__TASK DETAILS__
Every line of the material needs an exact copy, apart from the images.

__INFORMATION SUPPLIED__
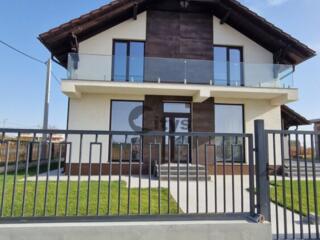 Casa - 175  m²  , Tohatin, str. Sfinta Vineri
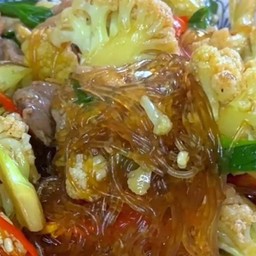 กะหล่ำดอกผัดหมูใส่วุ้นเส้น กับข้าว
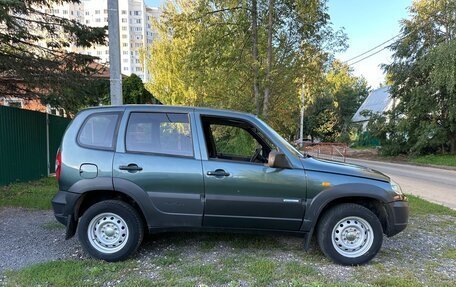 Chevrolet Niva I рестайлинг, 2010 год, 500 000 рублей, 4 фотография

__SOLUTION__
 Casa - 175  m²  , Tohatin, str. Sfinta Vineri
 กะหล่ำดอกผัดหมูใส่วุ้นเส้น กับข้าว
 Chevrolet Niva I рестайлинг, 2010 год, 500 000 рублей, 4 фотография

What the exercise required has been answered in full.